Die Natur kann ohne uns leben – wir nicht ohne sie

Ein globaler Paradigmenwechsel im Verhältnis von Mensch und Natur durch visionäre Gesetzgebungen

Die Beziehung des Menschen zur Natur war nicht immer so entfremdet wie heute. Früher galt der Mensch als Teil der natürlichen Ordnung, geprägt von Religionen, Philosophie und spirituellen Traditionen. Erst mit der industriellen Revolution setzte eine Trennung ein: Natur wurde zur Ressource degradiert – mit weitreichenden ökologischen und sozialen Folgen.

Neshan Gunasekera, CEO des World Future Council und Kathryn Gwiazdon, IUCN-Ratsmitglied übergeben den Global Impact Award für das Te Award Tubus-Gesetz stellvertretend an Aroha Mead, Politikwissenschaftlerin, Expertin für indigenes und Maori-Recht. ©IUCN/Abhi Indrarajan/Workers Photos
Heute steht die Menschheit vor einer existenziellen Herausforderung: Umweltzerstörung, Artensterben und Klimakrise erfordern ein Umdenken. Dabei wird deutlich: Eine gesunde Natur ist nicht Luxus, sondern Grundlage für Gesundheit, Wohlstand, Innovation und Frieden. Der Mensch ist Teil eines vernetzten Systems – nicht dessen Mittelpunkt.

Ein Paradigmenwechsel ist notwendig. Der diesjährige World Future Policy Award der Stiftung World Future Council würdigt Gesetze, die neue Wege aufzeigen: Politische Rahmenwerke, die der Natur eigene Rechte zusprechen und eine ethisch fundierte Beziehung zwischen Mensch und Umwelt stärken.
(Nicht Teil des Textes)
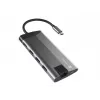 NATEC Fowler Plus USB Type-C preto cinzento MicroSD SD hub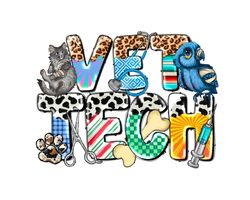 vet tech png sublimation design download, veterinarian png, veterinarian assistant png
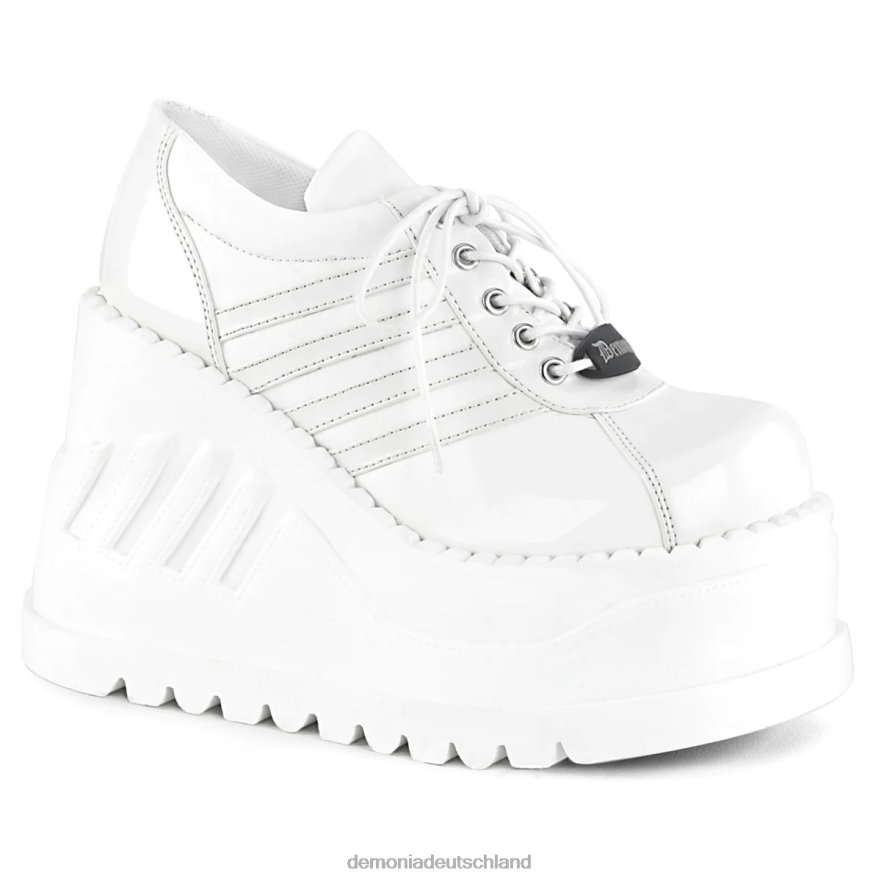 weißes, veganes Lackleder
Einige stellen wir hier vor.

Bhutan etwa verfolgt mit dem Prinzip des „Bruttonationalglücks" einen ganzheitlichen Ansatz, der ökologische, soziale und spirituelle Werte integriert. Das dortige Biodiversitätsgesetz schützt nicht nur die Umwelt, sondern stärkt auch lokale Gemeinschaften und tradiertes Wissen.
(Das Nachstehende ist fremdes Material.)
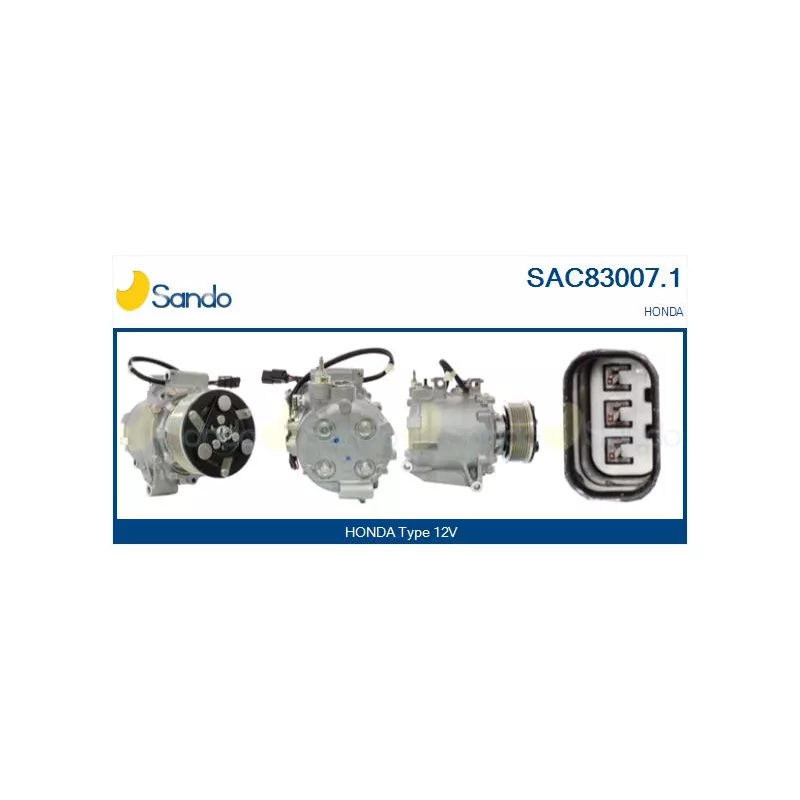 Compresseur, climatisation SANDO SAC83007.1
Das Gruppenbild zeigt alle Preisträger und WFC-Delegation auf der Bühne der Preisverleihung am 11. Oktober 2025 in Abu Dhabi ©IUCN/Abhi Indrarajan/Workers Photos
Auch Südafrika und Uganda beeindrucken mit ambitionierten Biodiversitätsgesetzen. Ugandas Umweltgesetz von 2019 ist besonders fortschrittlich: Es verpflichtet zu Umweltverträglichkeitsprüfungen und anerkennt als erstes afrikanisches Gesetz die Rechte der Natur.
 
Diese Idee gewinnt weltweit an Bedeutung – besonders durch die Bewegung der Earth Jurisprudence (Erdrechtsprechung), die der Natur Eigenwert und Rechtsstatus zuschreibt. 2008 wurde Ecuador zum Pionier: Als erstes Land verankerte es die Rechte der Natur in seiner Verfassung. Seither wurden dort sogar Rohstoffprojekte durch Gerichte gestoppt – zum Schutz von Ökosystemen.
 
Auch Kolumbien und Bolivien folgten diesem Beispiel. Panama griff all die neuen Entwicklungen auf und hat mit Gesetz 287 die Natur als Ganzes als Rechtssubjekt anerkannt und sich verpflichtet zu deren Schutz auf allen Ebenen staatlichen Handelns. Beeindruckend: Die Initiative ging von jungen Menschen aus – eine neue Generation setzt Maßstäbe. Dafür gab es den World Future Policy Award.
 
„Was mich bei den Gesprächen im Zuge der Recherchearbeiten zum World Future Policy Award 2025 am meisten berührte, war die Leidenschaft und Ausdauer der Menschen hinter den Gesetzen, die Natur zu achten und zu erhalten. Sie zeigten mir, dass es nie zu spät ist, unsere Lebensgrundlage zu schützen."
Samia Kassid 

In Aotearoa Neuseeland erkennt das Gesetz „Te Awa Tupua" den Whanganui-Fluss als lebendiges Wesen mit eigenen Rechten an – Ausdruck einer indigenen Weltsicht, die Mensch und Natur als untrennbar verbunden versteht. Diese Anerkennung traditioneller Konzepte wie Kaitiakitanga (Hüterschaft) inspiriert weltweit. Für diesen Ansatz erhielt Neuseeland den „Global Impact Award".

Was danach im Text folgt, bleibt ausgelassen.